A Marion Superior magistrate didn't do that and on Tuesday, justices reversed the lower court's decision requiring a then-14-year-old boy to register as a sex offender. The eight-page ruling came on a petition to transfer in J.C.C. v. State, No. 49S02-0803-JV-143.

During a year's incarceration at the Indiana Boys' School in 2000 for a series of nine child molesting offenses with younger boys, the juvenile referred to as J.C.C. completed a sex offender treatment program and was released. The state petitioned that the juvenile register as a sex offender and the trial court ordered that registry.

On appeal to the Supreme Court, J.C.C. argued that the state didn't show clear and convincing evidence that he is likely to re-offend, and that the trial court should not have denied his Trial Rule 60(B) claim to set aside the adjudications. The Court of Appeals affirmed, holding that a certified juvenile sex offender counselor adequately conducted an assessment that showed J.C.C. was a high risk for re-offending despite his completion of the treatment program.

But the justices disagreed, pointing out that the counselor's only evaluation of J.C.C. was prior to the juvenile's placement in the Department of Correction and treatment program.

"Though such an interview is not required, the expert's testimony or other evidence must analyze whether the juvenile has been rehabilitated subsequent to disposition," Justice Frank Sullivan wrote for the court. "That did not occur in this case. Without such evidence, we cannot conclude that there was clear and convincing evidence that J.C.C. is likely to commit another sex offense."

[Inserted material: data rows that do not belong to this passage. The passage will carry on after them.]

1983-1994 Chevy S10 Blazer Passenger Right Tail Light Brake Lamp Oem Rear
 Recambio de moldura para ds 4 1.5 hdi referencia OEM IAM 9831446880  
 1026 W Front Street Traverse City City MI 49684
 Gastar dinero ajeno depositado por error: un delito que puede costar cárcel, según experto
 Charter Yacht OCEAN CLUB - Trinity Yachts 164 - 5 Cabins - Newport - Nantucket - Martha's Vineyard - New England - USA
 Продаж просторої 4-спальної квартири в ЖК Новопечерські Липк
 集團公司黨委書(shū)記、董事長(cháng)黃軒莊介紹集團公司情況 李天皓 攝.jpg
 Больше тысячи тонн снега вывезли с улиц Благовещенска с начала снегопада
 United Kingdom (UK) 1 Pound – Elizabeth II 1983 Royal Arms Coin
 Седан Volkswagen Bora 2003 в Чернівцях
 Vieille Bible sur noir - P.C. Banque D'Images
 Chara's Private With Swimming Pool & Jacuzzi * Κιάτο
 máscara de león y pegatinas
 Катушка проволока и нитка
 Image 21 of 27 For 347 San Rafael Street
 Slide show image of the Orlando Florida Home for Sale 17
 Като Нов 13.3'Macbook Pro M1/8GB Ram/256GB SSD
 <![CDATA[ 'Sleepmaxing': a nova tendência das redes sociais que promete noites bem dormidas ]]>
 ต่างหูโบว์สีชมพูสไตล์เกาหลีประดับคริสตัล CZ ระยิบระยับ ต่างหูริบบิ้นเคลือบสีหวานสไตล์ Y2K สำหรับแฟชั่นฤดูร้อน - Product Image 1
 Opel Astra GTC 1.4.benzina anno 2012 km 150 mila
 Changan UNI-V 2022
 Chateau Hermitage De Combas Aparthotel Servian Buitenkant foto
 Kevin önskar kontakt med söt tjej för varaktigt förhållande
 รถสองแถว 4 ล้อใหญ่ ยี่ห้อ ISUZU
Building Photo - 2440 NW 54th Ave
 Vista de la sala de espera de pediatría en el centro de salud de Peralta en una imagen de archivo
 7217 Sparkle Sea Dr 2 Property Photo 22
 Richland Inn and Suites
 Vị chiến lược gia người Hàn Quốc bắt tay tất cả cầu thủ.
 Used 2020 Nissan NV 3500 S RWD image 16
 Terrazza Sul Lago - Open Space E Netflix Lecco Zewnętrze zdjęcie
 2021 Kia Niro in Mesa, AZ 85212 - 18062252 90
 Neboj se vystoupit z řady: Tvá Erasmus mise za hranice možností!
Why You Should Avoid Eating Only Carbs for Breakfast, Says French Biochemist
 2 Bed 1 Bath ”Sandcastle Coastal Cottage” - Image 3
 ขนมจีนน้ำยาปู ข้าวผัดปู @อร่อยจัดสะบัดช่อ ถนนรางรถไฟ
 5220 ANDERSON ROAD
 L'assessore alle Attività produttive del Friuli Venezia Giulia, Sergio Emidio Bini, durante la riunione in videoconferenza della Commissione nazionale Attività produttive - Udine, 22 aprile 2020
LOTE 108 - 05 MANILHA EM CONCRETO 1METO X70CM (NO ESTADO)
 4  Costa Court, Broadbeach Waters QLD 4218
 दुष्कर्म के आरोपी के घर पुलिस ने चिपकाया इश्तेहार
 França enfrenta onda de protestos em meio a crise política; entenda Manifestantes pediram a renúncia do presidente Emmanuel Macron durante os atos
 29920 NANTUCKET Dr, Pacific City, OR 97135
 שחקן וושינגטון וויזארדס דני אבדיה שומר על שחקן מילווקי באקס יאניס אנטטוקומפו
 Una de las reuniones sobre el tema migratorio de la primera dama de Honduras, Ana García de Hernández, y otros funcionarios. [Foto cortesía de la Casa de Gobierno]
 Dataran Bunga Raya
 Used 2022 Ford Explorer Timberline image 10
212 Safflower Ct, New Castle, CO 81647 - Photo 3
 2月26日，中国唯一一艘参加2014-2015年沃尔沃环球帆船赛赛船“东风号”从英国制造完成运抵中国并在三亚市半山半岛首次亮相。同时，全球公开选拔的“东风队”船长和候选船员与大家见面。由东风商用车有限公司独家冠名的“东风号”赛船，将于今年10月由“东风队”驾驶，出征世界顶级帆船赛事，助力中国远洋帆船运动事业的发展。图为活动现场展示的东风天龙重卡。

The court's analysis is grounded in specific provisions of Indiana's juvenile sex offender registry statute and the general purpose of the juvenile code, Justice Sullivan wrote. An evidentiary hearing is required to determine if a minor is likely to be a repeat sex offender, but when a juvenile is placed within detention or prison, that registry hearing can't be held until after the juvenile is released. As a result, the court determined that the legislative intent is to wait on a sex offender registration determination until that juvenile has the chance to be rehabilitated during detention.

"In addition to the specific provisions of the statute we have been exploring, we also find it highly relevant.... That the Legislature has articulated that guiding policy of this State and the purpose behind Indiana's juvenile justice system is to 'ensure that children within the juvenile justice system are treated as persons in need of care, protection, treatment, and rehabilitation,'" Justice Sullivan wrote. "This policy is consistent with the State's primary interest in rehabilitation, rather than punishment of juvenile delinquents."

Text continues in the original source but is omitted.